Гостиница оказалась почти такой, какой ее воображал Штааль. И крыльцо, выстланное железной окалиной, и передняя с чучелами зверей, и большой номер необычной для русских постоялых дворов чистоты, и длинная низкая столовая с огромным камином, где весело трещал огонь, – все было совершенно как следует. Рыцарей, правда, в столовой не оказалось: обедала только за большим столом компания немецких купцов. Штааль, немного недовольный тем, что у него никто не спросил подорожной, подошел к длинной стойке столовой. У стойки нарезывала разные belegte и illustrirte Brotchen[60 - Бутерброды (нем.).] очень хорошенькая, совсем молоденькая блондинка, которая приветливо улыбнулась молодому человеку. Хотя Штаалю было довольно противно сочетание твердых разрыхленных яиц с кильками, сыром и салатом, он попросил барышню дать ему иллюстрированный хлебец и с удовольствием убедился в том, что сравнительно легко составляет более или менее сложные немецкие фразы. Затем молодой человек занял место за отдельным круглым столиком, накрытым белоснежной скатертью грубоватого полотна, перед прибором с разными игривыми рисуночками и поучительными изречениями. Барышня проводила его глазами и последовала за ним к столику.
– Was wiinscht der gnadige Herr?[61 - Что угодно милостивому господину? (нем.)] – спросила она ласково.
Штааль немедленно потребовал бутылку замороженного шампанского. Заказ этот произвел потрясающее действие. Барышня широко раскрыла глаза и робко разъяснила, что французского Зекта они не держат, но если gnadiger Herr’y угодно подождать, то можно послать за Зектом в лавку на Frazosische Strasse. У них же в погребе есть в большом выборе самое лучшее, старое рейнское вино. Штааль согласился подождать, и скоро действительно в столовую принесли бутылку, завернутую в чистую белую бумажку и перевязанную розовой ленточкой. Через несколько минут вся гостиница знала, что приехавший из Петербурга в собственной удивительной коляске русский, без всякого радостного или торжественного повода, заказал к Abendbrot’у[62 - Ужин (нем.).] бутылку Зекта. К концу вечера это знал весь квартал, и с почтительным недоумением повторялось: «Diese Russen!»[63 - «Эти русские»! (нем.)]

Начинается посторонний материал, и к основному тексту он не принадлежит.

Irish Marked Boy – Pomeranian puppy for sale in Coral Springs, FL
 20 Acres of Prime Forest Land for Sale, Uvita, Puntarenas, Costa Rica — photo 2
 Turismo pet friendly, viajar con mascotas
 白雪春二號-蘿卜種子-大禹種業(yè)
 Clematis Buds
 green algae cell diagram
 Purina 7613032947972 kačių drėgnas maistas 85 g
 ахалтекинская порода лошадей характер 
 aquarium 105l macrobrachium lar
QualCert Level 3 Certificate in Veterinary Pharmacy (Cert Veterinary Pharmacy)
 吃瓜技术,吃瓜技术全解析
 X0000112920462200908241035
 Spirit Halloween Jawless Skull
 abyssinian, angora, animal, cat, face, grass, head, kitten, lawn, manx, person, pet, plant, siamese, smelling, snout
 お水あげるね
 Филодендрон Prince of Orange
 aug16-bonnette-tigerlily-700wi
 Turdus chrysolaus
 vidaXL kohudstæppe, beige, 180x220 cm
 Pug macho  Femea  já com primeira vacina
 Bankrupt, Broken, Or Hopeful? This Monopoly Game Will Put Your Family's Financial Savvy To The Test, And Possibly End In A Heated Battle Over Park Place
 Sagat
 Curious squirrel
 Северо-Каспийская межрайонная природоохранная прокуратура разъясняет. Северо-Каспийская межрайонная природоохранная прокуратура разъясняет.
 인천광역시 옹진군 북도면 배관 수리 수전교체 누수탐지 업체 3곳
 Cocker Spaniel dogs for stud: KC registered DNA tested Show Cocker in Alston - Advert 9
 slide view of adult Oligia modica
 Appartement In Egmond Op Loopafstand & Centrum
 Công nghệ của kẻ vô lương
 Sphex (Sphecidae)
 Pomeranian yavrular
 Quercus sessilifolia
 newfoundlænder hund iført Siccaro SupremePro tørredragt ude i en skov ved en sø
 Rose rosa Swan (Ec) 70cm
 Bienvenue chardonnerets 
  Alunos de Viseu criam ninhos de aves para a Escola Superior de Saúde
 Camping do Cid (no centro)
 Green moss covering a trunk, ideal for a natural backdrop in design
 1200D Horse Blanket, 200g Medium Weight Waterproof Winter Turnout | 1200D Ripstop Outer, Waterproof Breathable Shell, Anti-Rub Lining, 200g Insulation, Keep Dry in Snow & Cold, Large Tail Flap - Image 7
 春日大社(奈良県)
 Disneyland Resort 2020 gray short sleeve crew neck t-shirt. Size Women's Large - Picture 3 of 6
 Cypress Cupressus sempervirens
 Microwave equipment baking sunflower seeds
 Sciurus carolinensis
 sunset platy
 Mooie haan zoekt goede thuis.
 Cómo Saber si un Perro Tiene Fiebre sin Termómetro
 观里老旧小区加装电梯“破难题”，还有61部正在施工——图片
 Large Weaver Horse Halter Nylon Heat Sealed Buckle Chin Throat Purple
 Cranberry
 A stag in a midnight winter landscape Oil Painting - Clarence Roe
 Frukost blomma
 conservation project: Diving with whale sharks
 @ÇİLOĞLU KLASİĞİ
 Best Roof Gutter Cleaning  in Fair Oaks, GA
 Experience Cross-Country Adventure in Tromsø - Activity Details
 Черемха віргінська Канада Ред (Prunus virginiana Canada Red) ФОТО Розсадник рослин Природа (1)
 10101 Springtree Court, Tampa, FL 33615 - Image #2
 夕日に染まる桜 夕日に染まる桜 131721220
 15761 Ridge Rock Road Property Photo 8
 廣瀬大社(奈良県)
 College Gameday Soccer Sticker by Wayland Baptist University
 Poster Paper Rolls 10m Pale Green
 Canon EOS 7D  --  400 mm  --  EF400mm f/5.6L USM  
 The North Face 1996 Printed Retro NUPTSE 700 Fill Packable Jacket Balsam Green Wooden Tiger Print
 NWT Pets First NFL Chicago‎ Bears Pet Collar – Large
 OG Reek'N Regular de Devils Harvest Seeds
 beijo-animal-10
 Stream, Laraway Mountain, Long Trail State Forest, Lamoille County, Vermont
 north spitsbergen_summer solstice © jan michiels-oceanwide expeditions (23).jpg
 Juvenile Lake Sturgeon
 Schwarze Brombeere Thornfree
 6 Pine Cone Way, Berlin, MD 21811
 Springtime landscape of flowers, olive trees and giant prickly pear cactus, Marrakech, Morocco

Хорошенькая барышня была дочь хозяина-вдовца. Ее звали Гертрудой. Она сама не подавала и не готовила блюд, а только принимала от гостей заказы, немедленно вписывала их в какую-то лежавшую на стойке толстую переплетенную книгу и, по-видимому, имела общее наблюдение за хозяйством: две молодые, краснощекие служанки часто дружелюбно с ней шептались. Одна из них, подав Штаалю заказанный им окровавленный ростбиф, внезапно, без видимой причины, прыснула со смеху, закрыла голову передником и убежала к фройлейн Гертруде. Обе залились у стойки сумасшедшим хохотом. К ним тотчас направилась прислуживавшая купцам вторая служанка, которая закрылась передником и стала хохотать еще по дороге. Купцы, в свою очередь, развеселились, а затем потребовали разъяснения причины веселья; узнав же эту причину, оглянулись на Штааля, захохотали, сказали разом «Grossartig!»[64 - «Великолепно!» (нем.)] и сгоряча потребовали шесть новых кружек пива. Фройлейн Гертруда, очевидно опасаясь, как бы не обиделся русский гость, опять подошла к Штаалю и застенчиво объяснила ему, что общее веселье вызвал один замечательный виц, который сказала эта глупая Маргарита. «Der gnadige Herr soil das nicht ubel nehmen»[65 - «Милостивый господин не должен на это обижаться» (нем.).]. Но Штааль и не думал обижаться, в доказательство чего счел нужным предложить фройлейн Гертруде бокал или, точнее, кружку тепловатого шампанского. Это предложение было принято с почтительным восторгом, в равной мере относившимся к цене вина и к щедрости гостя. Начался разговор. Через несколько минут Штаалю было известно, что фройлейн Гертруде семнадцать лет и что она училась два года в местной Tochterschule[66 - Женская школа (нем.).]. А фройлейн Гертруда узнала, что gnadiger Herr русский дипломат, имеющий секретную миссию в Лондон, и что ему двадцать четыре года. Последнее сообщение встретило, впрочем, с ее стороны некоторое недоверие. К концу обеда они были друзьями. Подошел к столику Штааля и отец фройлейн Гертруды, тоже выпил с почтительным восторгом кружку тепловатого Зекта и очень мило поговорил с русским гостем: похвалил Россию за ее громадную величину и выразил удивление перед мудростью императрицы Екатерины, которую маленькой девочкой видела в Цербсте двоюродная тетка его покойной жены.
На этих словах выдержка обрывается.